EXERCISE DETAILS –
Return only the lines below starting at the line containing "Пакет подарочный ламинированный" and ending at the line containing "1640 E Adams", both included, exactly as they are and with no pictures.

[Dataset entries]
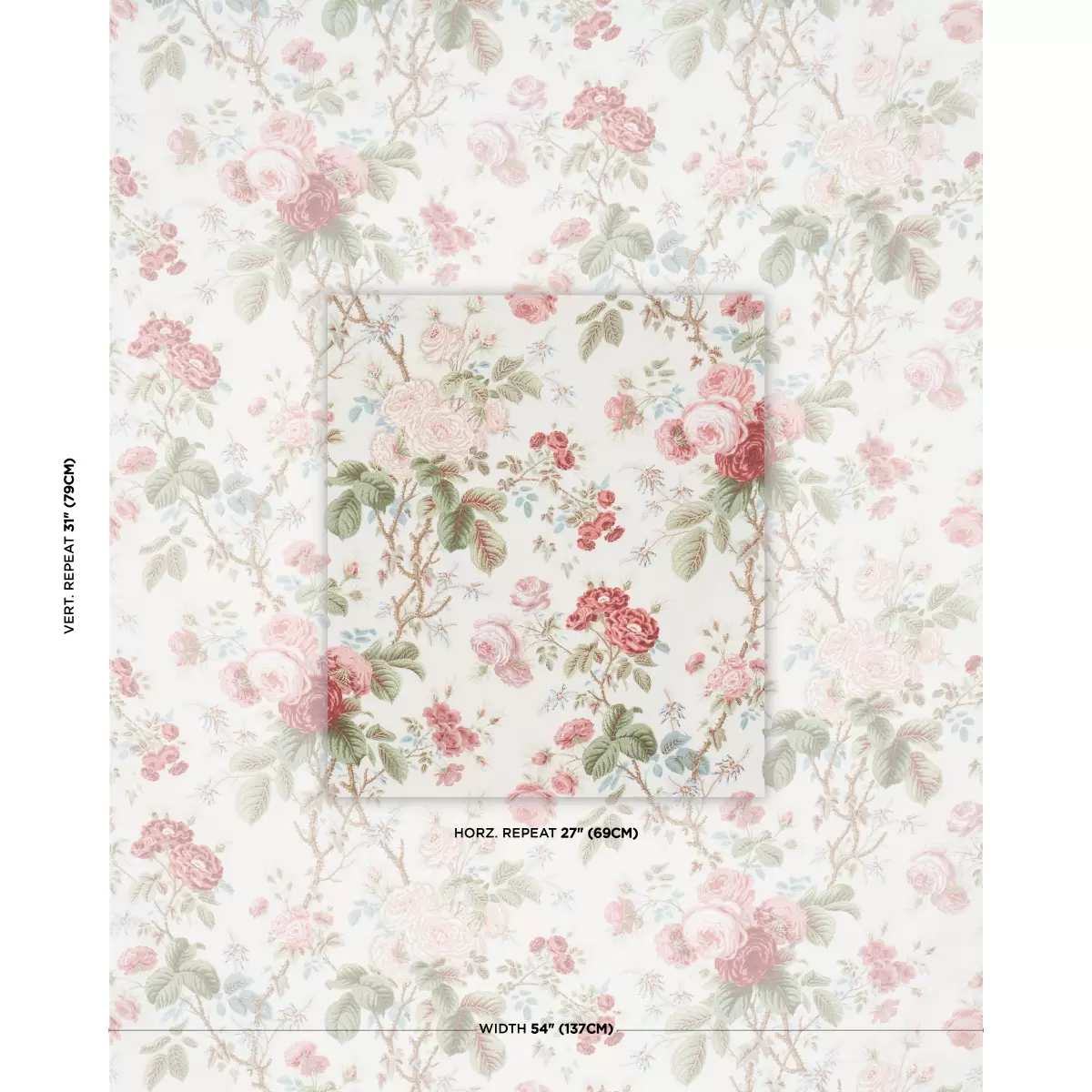 SHE WALKS IN BEAUTY CHINTZ_ ROSE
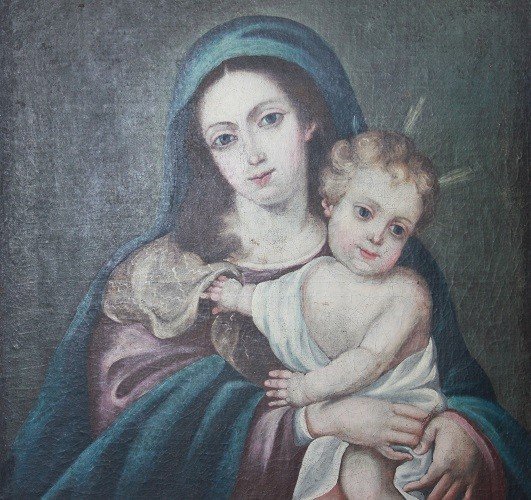 Huile Sur Toile Espagnole Du Début Des Années 1800 Représentant La Vierge à l'Enfant Jésus-photo-3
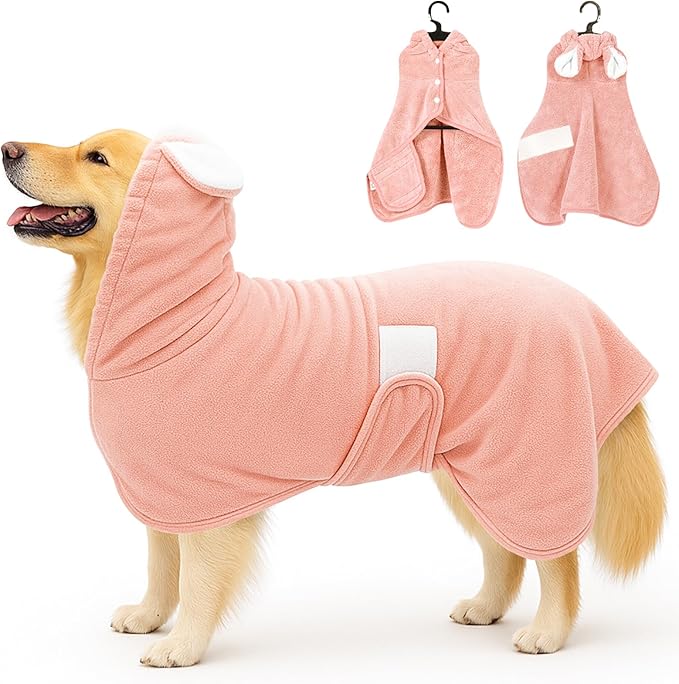 Pet Bathrobe Towel Dog Cat Drying Coat Super Absorbent Cute Dogs Bath Towel Hooded Robe Adjustable Collar & Belly Strap for XSmall to XLarge Pets (Coralpink, X-Large)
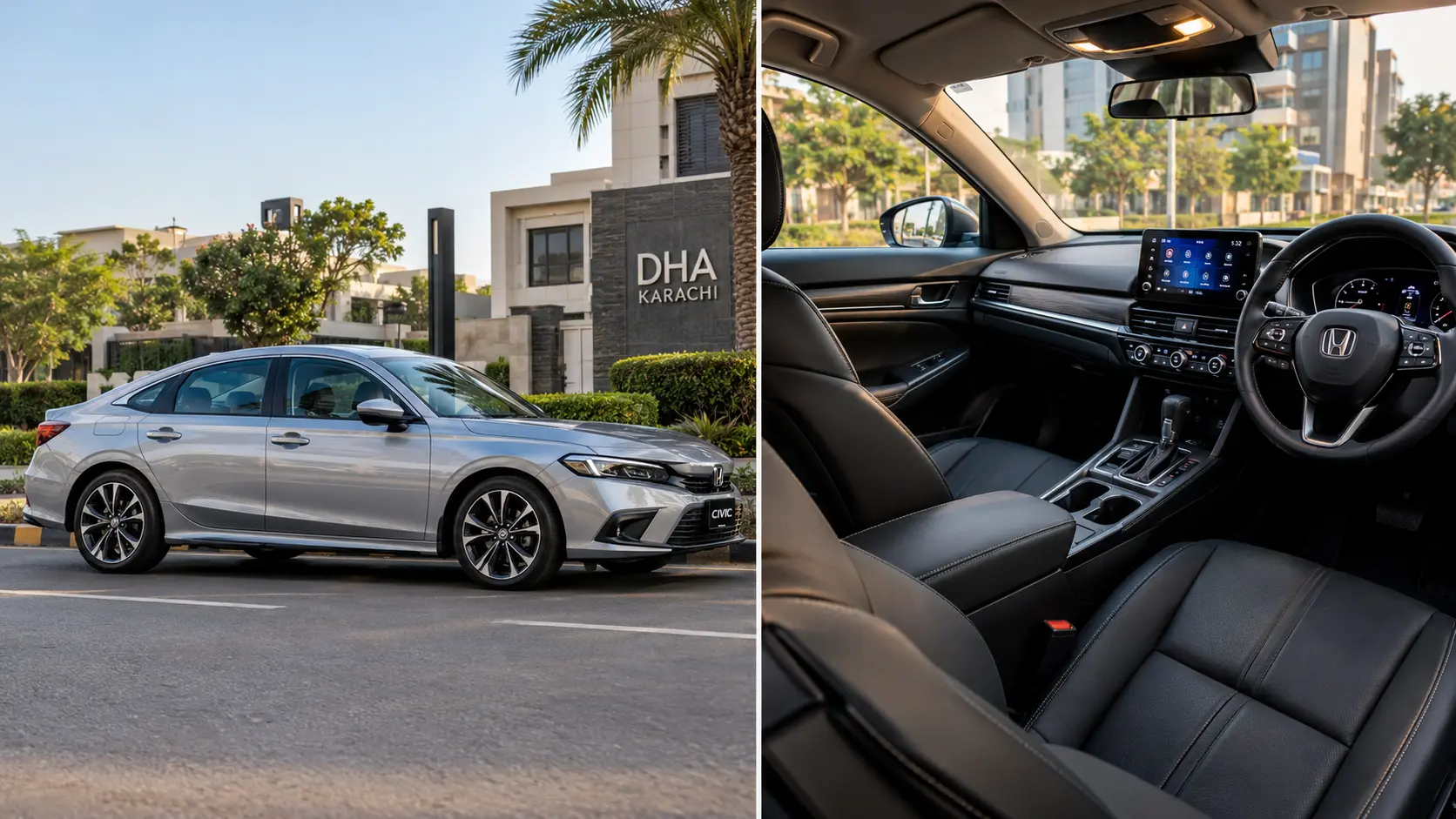 Exterior side profile and comfortable leather interior of Honda Civic rental in Karachi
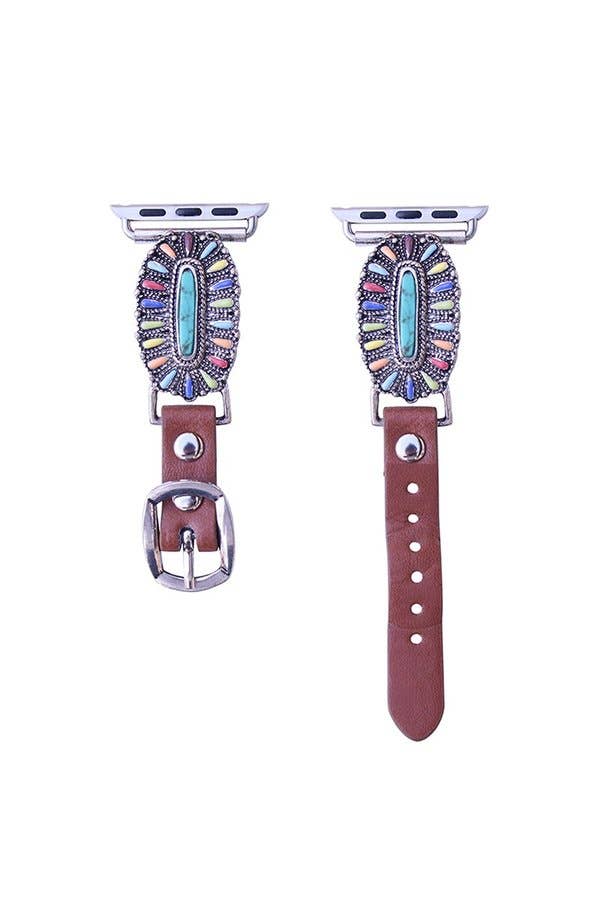 Western Concho Apple Watch Band – Turquoise (Small 38–41mm)
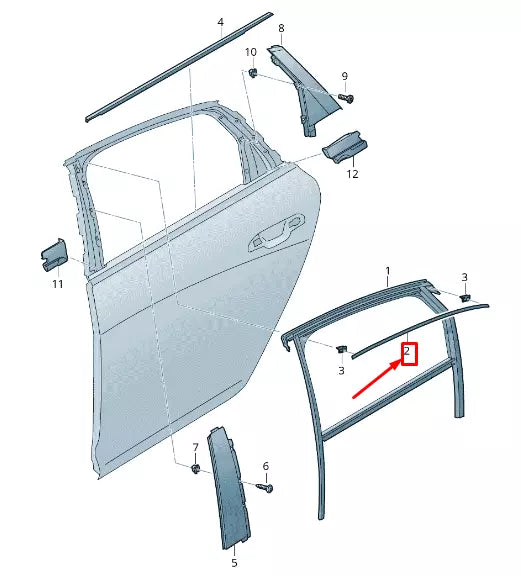 NEW AUDI A6 4A C8 REAR LEFT DOOR WINDOW GUIDE TRIM STRIP 4K5839643AT94
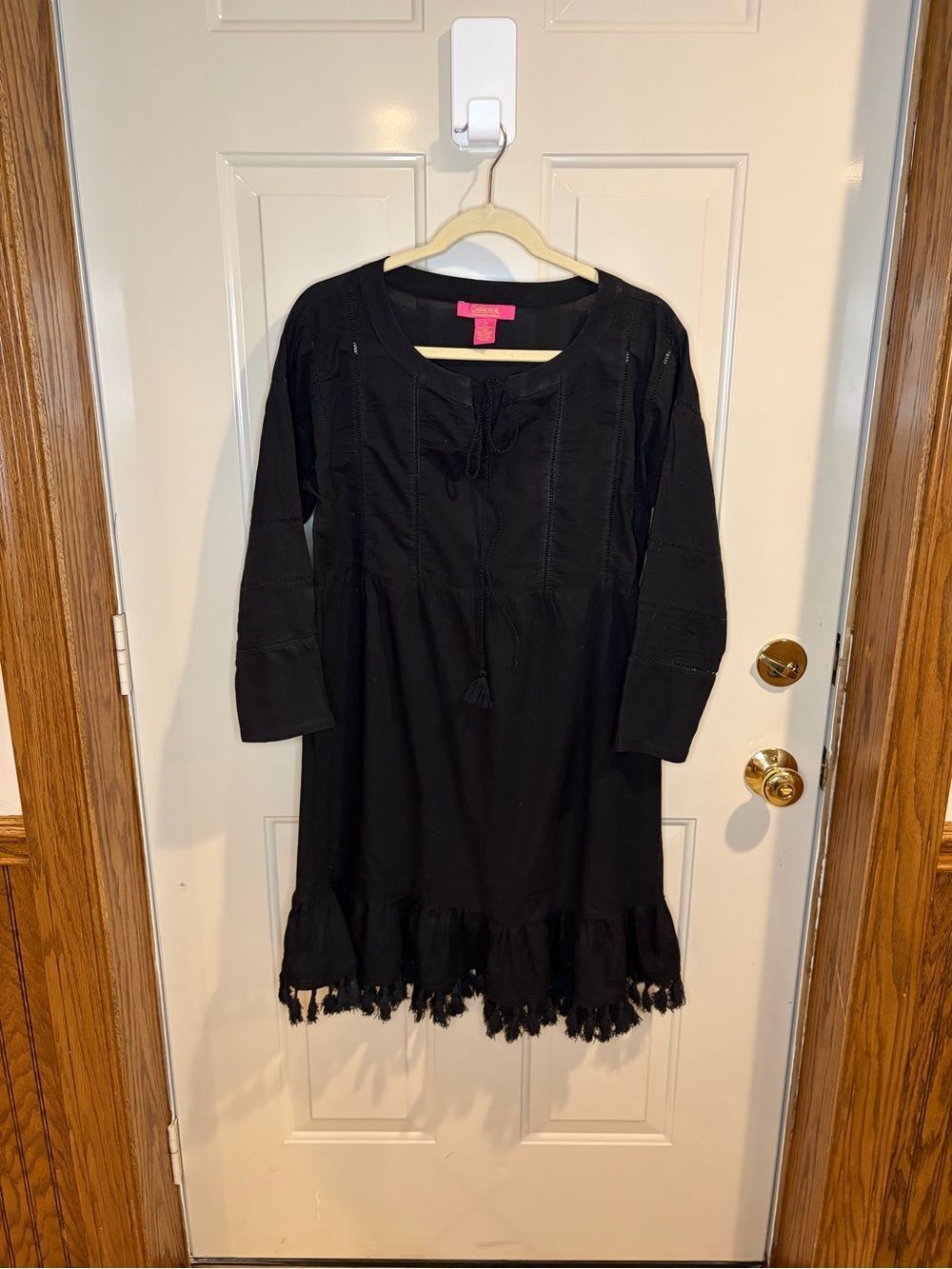 Catherine Malandrino Black Tassel-Hem Long Sleeve Dress sz M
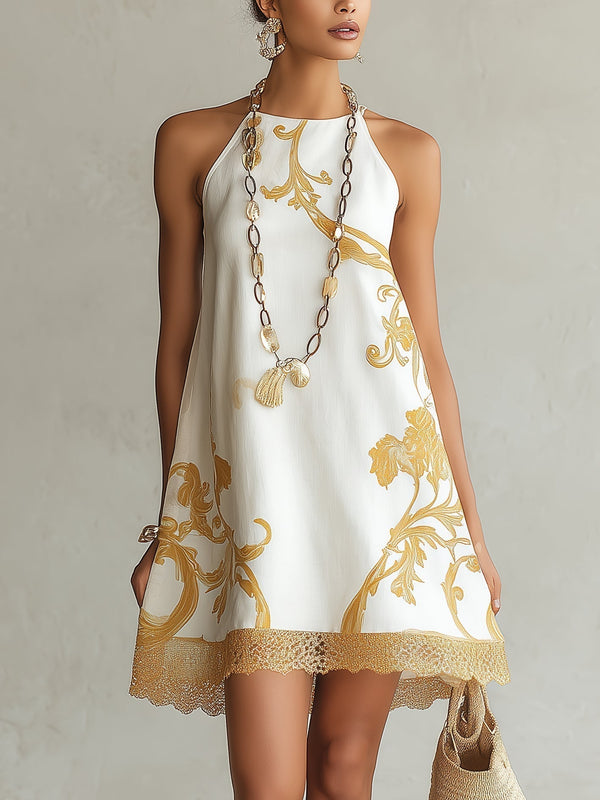 Héloïse | Minivestido de encaje blanco con motivos dorados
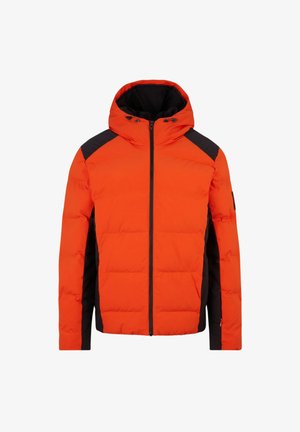 Orange puffer jacket with a black accent on shoulders, zip closure, and a hood. Quilted design provides insulation and a textured appearance.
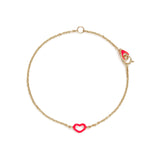 HEART BRACELET IN PINK GLITTER ENAMEL AND YELLOW GOLD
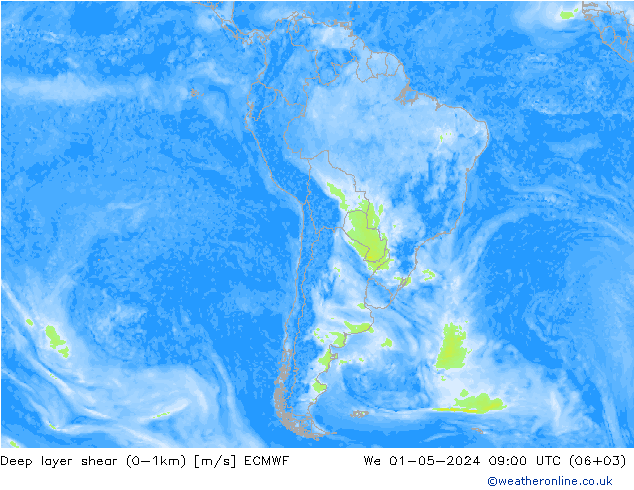 Deep layer shear (0-1km) ECMWF mer 01.05.2024 09 UTC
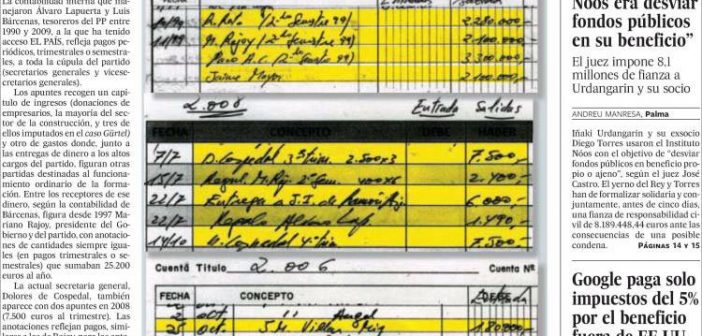 Papeles de Bárcenas publicados por EL PAÍS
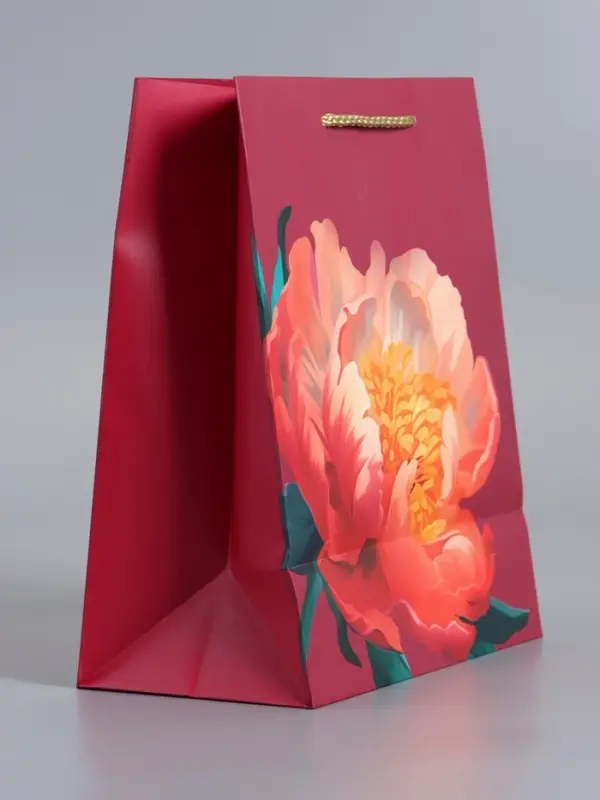 Пакет подарочный ламинированный "Пион" 18 х 22,3 х 10 см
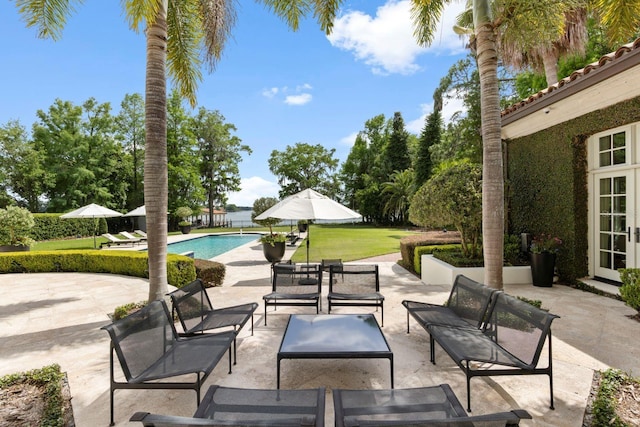 1640 E Adams Dr, Maitland, FL 32751 - view of patio featuring an outdoor pool and an outdoor hangout area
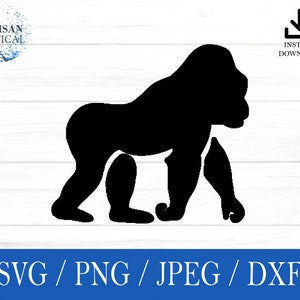 Gorilla svg, Animal SVG, Zoo svg, svg, png, dxf, jpeg, digital download, Cut File, Cricut, Silhouette, Glowforge, Gift For Him, Craft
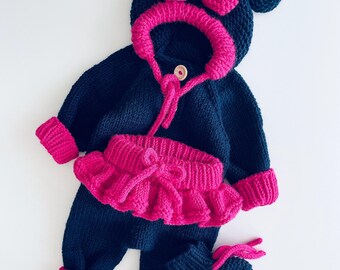 Minnie Mouse - Conjunto de punto para bebé - Niña - Sudadera - Pantalón - Patucos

REPLY TO THE EXERCISE –
 Пакет подарочный ламинированный "Пион" 18 х 22,3 х 10 см
 1640 E Adams Dr, Maitland, FL 32751 - view of patio featuring an outdoor pool and an outdoor hangout area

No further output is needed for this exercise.